[Items from a data source]
"""

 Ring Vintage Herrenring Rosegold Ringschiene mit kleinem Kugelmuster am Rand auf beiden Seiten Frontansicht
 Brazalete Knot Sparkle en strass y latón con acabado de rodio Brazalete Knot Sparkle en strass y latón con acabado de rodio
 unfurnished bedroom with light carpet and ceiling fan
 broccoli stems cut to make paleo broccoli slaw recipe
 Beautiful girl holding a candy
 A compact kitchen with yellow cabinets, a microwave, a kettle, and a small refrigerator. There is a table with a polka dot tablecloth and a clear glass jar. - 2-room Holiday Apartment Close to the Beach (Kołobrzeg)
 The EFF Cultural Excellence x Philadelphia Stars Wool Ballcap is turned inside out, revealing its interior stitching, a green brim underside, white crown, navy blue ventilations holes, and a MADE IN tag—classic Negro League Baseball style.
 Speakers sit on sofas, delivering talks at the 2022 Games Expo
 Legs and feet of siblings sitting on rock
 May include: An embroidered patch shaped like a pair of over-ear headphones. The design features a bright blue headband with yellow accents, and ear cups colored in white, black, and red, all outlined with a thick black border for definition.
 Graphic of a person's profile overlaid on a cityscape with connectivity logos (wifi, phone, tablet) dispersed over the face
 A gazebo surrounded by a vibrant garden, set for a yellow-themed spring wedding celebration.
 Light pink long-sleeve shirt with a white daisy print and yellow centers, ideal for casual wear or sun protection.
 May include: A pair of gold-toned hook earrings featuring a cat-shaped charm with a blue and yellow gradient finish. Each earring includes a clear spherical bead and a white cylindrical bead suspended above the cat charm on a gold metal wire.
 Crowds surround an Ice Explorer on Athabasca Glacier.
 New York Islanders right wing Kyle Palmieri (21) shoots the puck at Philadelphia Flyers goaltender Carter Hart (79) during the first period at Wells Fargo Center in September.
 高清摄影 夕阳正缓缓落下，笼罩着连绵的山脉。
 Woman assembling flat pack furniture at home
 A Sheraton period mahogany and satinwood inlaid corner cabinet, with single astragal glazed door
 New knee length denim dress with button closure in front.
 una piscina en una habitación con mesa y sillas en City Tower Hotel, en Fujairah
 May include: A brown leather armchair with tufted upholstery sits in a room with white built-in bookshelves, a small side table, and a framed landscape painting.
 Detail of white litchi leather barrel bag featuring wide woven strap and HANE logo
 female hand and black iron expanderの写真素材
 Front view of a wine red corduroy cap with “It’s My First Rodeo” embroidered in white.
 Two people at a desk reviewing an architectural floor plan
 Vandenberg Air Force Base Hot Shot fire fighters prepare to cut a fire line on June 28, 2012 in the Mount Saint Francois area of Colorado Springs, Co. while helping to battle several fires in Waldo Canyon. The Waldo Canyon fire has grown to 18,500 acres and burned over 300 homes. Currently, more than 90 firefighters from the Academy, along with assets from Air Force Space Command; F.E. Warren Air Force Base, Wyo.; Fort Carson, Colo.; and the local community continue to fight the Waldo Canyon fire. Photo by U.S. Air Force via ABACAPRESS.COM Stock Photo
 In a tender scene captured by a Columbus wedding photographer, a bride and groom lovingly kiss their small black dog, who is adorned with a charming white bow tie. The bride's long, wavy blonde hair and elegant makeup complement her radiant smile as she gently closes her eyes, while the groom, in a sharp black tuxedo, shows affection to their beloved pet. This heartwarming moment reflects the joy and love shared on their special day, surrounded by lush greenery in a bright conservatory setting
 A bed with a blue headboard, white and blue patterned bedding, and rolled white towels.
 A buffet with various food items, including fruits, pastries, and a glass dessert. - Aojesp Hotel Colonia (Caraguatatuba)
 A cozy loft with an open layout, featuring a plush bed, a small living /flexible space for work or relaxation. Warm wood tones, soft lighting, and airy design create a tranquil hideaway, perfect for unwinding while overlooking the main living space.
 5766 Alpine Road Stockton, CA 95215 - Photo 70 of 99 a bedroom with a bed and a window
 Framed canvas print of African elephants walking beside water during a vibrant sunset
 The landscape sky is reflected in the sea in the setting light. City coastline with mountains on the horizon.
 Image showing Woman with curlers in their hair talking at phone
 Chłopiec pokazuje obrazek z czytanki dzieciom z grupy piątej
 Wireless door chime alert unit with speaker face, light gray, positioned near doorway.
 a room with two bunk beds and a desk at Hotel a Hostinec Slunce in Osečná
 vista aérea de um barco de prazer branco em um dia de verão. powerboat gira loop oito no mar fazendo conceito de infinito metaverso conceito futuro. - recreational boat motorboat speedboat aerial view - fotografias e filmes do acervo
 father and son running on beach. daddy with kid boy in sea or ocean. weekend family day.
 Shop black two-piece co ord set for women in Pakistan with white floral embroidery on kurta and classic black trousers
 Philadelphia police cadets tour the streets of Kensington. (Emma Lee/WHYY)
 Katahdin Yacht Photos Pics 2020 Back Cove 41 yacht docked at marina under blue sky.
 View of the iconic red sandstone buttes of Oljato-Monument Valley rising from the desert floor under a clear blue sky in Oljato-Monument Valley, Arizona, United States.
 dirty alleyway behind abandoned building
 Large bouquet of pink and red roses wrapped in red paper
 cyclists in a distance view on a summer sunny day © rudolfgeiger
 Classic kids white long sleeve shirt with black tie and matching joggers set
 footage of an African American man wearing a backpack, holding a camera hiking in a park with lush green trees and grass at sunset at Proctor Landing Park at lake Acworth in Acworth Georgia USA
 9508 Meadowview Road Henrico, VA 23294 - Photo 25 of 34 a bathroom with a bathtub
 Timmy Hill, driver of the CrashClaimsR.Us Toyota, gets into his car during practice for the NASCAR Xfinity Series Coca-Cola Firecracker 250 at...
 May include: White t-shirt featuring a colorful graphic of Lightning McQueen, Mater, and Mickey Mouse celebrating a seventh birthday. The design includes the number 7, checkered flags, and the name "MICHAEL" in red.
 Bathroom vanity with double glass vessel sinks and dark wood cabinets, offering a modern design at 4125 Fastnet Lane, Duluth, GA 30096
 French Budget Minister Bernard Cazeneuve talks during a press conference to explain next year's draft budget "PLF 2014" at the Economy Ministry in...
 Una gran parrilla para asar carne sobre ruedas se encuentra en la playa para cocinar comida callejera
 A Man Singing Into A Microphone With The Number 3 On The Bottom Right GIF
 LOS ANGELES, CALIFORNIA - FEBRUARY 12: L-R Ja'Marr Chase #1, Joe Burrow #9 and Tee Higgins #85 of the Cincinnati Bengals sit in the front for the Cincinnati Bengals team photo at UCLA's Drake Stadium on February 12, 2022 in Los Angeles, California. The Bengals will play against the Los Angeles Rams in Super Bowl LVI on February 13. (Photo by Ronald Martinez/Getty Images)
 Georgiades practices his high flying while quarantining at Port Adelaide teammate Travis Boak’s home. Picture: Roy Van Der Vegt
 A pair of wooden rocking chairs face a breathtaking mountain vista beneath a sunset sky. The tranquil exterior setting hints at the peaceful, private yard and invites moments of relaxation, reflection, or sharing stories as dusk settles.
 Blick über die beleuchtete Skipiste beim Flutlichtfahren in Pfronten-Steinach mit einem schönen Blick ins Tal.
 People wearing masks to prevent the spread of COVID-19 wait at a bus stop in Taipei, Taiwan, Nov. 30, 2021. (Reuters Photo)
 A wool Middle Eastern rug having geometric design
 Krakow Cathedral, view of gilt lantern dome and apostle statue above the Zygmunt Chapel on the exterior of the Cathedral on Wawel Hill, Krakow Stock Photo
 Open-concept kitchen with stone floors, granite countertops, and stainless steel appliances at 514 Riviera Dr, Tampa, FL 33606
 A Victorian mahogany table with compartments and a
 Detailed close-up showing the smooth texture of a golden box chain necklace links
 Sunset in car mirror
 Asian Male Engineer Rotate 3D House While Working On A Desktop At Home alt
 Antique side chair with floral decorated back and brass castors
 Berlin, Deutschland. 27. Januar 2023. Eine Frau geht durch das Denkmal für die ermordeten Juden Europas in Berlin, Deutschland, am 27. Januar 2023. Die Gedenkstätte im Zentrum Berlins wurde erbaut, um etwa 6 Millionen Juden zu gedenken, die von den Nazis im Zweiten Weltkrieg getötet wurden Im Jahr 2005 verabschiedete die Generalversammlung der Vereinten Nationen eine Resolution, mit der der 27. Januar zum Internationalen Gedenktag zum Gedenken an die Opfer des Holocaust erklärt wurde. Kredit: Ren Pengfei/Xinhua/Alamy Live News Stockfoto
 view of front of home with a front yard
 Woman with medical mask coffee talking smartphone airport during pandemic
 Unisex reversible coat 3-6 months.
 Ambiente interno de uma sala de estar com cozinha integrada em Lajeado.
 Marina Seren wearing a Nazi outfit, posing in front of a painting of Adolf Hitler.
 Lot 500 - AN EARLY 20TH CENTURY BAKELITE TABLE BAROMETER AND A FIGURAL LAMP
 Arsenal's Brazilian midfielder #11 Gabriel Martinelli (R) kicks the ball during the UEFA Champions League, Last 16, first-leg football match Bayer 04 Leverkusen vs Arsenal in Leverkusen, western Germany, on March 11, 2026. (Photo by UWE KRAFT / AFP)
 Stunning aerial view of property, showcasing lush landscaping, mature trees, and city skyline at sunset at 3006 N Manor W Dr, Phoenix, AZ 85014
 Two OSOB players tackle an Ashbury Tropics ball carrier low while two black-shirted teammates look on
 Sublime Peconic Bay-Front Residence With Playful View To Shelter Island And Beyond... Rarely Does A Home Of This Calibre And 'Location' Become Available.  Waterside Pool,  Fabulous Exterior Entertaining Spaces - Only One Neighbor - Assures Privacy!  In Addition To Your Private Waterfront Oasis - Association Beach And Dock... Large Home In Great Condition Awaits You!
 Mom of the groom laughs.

"""

The task - Using the data above, transcribe the lines that run from the line with "cyclists in a" to the line with "9508 Meadowview Road", both ends kept, and output nothing else.

Completed exercise -
 cyclists in a distance view on a summer sunny day © rudolfgeiger
 Classic kids white long sleeve shirt with black tie and matching joggers set
 footage of an African American man wearing a backpack, holding a camera hiking in a park with lush green trees and grass at sunset at Proctor Landing Park at lake Acworth in Acworth Georgia USA
 9508 Meadowview Road Henrico, VA 23294 - Photo 25 of 34 a bathroom with a bathtub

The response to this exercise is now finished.